We are talking about 38 years ago when Nigeria had only 19 states, few local governments and less threatening rural-urban migration.
The few banks that existed then maintained branches mainly in the 19 state capitals with little or no effort to open branches elsewhere.
If even by 2010, 70 percent of the currency in circulation in Nigeria is said to be outside the banking system, then it will be safe to assume that a figure higher than 90 percent of the currency in circulation then was outside the banking system.
So it is understandable that if more than 90 percent of the population not exposed to banks are asked to submit cash for exchange with new notes in an era when there was nearly zero-level patronage of banks, such difficulties would ensue.
Remember we’re talking about 1984 when communication was also very poor. Only few in the urban areas had landline boxes in either offices or homes.
For the average Nigerian to send a message to his mother in the village to bring her 100 naira to the town to change, he has to go to the post office and send a letter and it might take weeks before a good Samaritan would pick the letter for mama at the post office and a day or two before she would find someone to read it for her!

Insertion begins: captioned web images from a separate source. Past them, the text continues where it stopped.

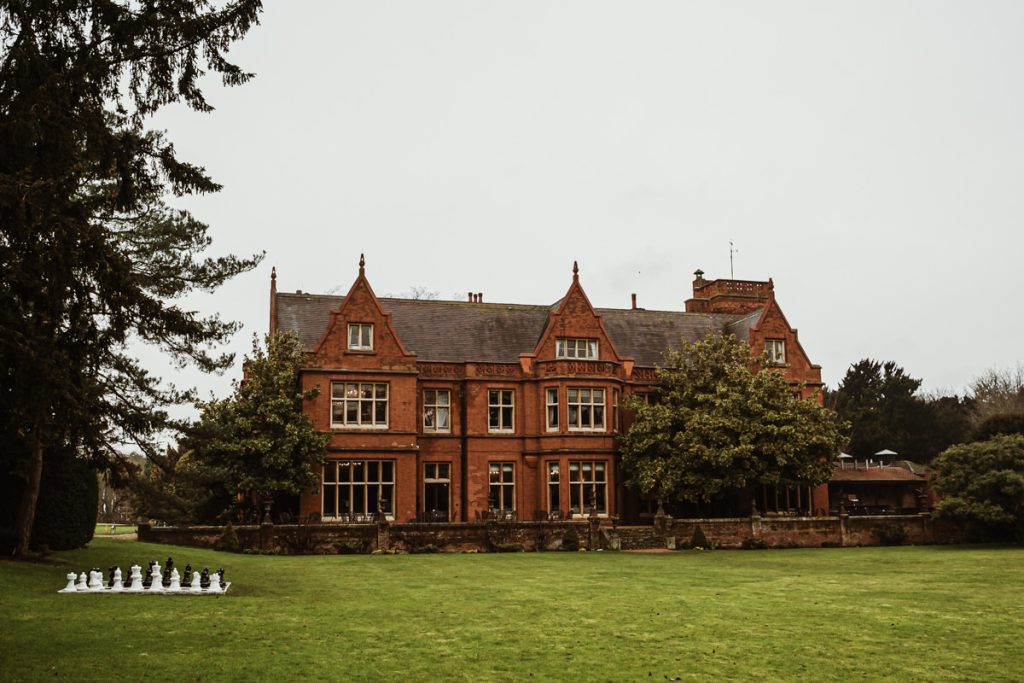 Victorian manor with garden and large chess set.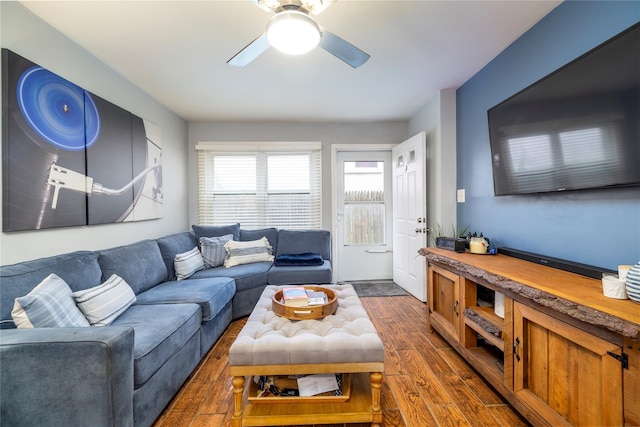 721 E Walnut St, Long Beach, NY 11561 - living area featuring dark wood finished floors and ceiling fan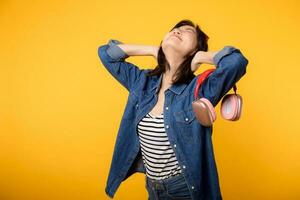 Fashion portrait young asian woman wearing denim clothes, red glasses and headphone isolated on yellow background. Lifestyle people concept. photo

I therefore cannot understand the apprehension over the CBN’s current resolve to change Nigeria’s currency and the likely parallels being drawn between what happened then and what may likely happen now.

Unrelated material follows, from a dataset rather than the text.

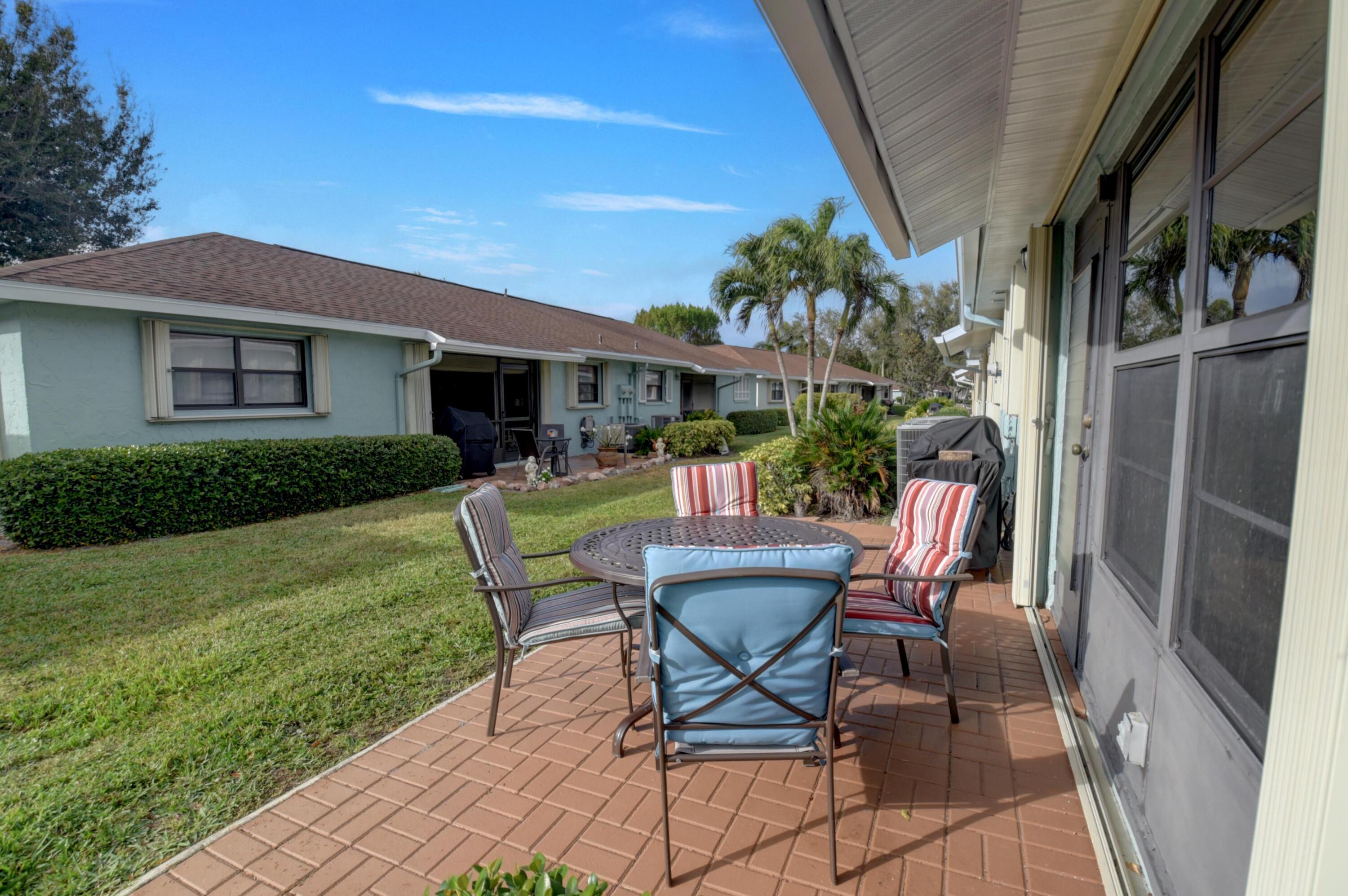 9855 Loquat Tree Run, Unit A Boynton Beach, FL 33436 - Photo 34 of 52 Back Exterior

Between yesterday and today that the CBN made the announcement, it is possible that most Nigerian have been reached with the information either directly or directly due to improved modes of communication that are light years away from 1984.
Through cell phones and other means of communication, it is possible that those in the remotest villages are now fully aware of the measure less than 12 hours after the announcement.

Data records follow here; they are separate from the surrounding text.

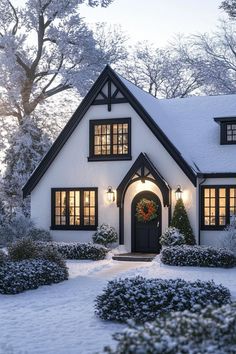 Snow-covered Tudor house with warm lights glowing. The charming fusion of history and contemporary flair in modern Tudor houses can transform your living space from “just nice” to “royalty-approved.” Tudor Ranch House Exterior, Small Tudor Style Homes, Contemporary Tudor, Transitional Tudor, Tudor Houses, Tudor Homes, Cottage Houses, Meridian House, Falling Water House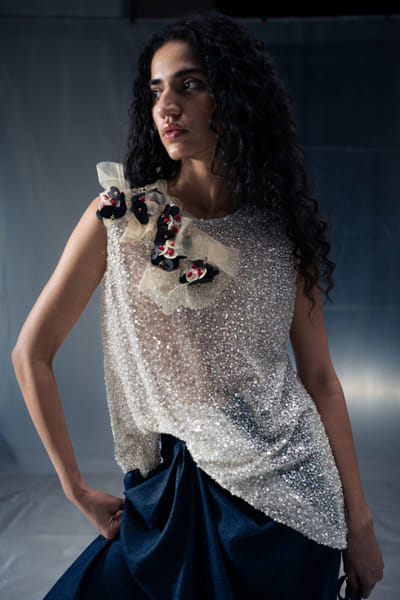 White sequin and rubber embellished top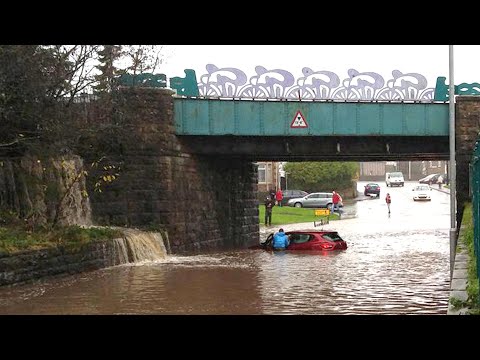 Homes and roads flood after heavy rain in Lancashire and north Wales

Another thing is that the population of those who have bank accounts in Nigeria has more than quadrupled since 1984.
As at 2021, Nigeria is said to have around 134 million active bank accounts and the process of opening accounts and other transactions have been simplified.
Unlike 1984 where a man from Agila had to wait for his turn to take the Enenrinya bus to Otukpo or probably go as far as Makurdi to access a bank, today, he can simply flag down the next okada to take him to Igumale or even just submit his savings to the POS girl at the Ófpu ója to pay the money into his account.
So I don’t see the kind of stampede that happened in 1984 happening again
Two things have convinced me that the measure is needed.
One, I had read long ago, that one of the ways to eliminate the crime of abductions for money, is to make the country as cashless as possible because once the kidnappers have to go through the process of revealing their identities (which cashless transactions entail) to collect their loots, the crime is likely to drop.
The gang that kidnapped people on the Kaduna bound train for instance were said to have collected no less than N2 billion naira in cash!
They have no difficulty in spending the money because they can enter into markets with cash and make purchases.
Changing the currency would make them approach the banks directly or indirectly and frustrate their bid to make maximum use of crime proceeds.
The second reason is that it would mop up currencies outside the banks and make Nigeria, just as it did in 1984, see the need to use the banks instead of keeping money at home.
As it is, only 2% of the 70 million bank account holders are said to have more than N500,000 in their accounts while so much is being carried in boots of cars!
If the criminals try to hide the proceeds of crime by laundering such through hurried purchases of property and luxury cars, the relevant crime tracking agencies know what to do.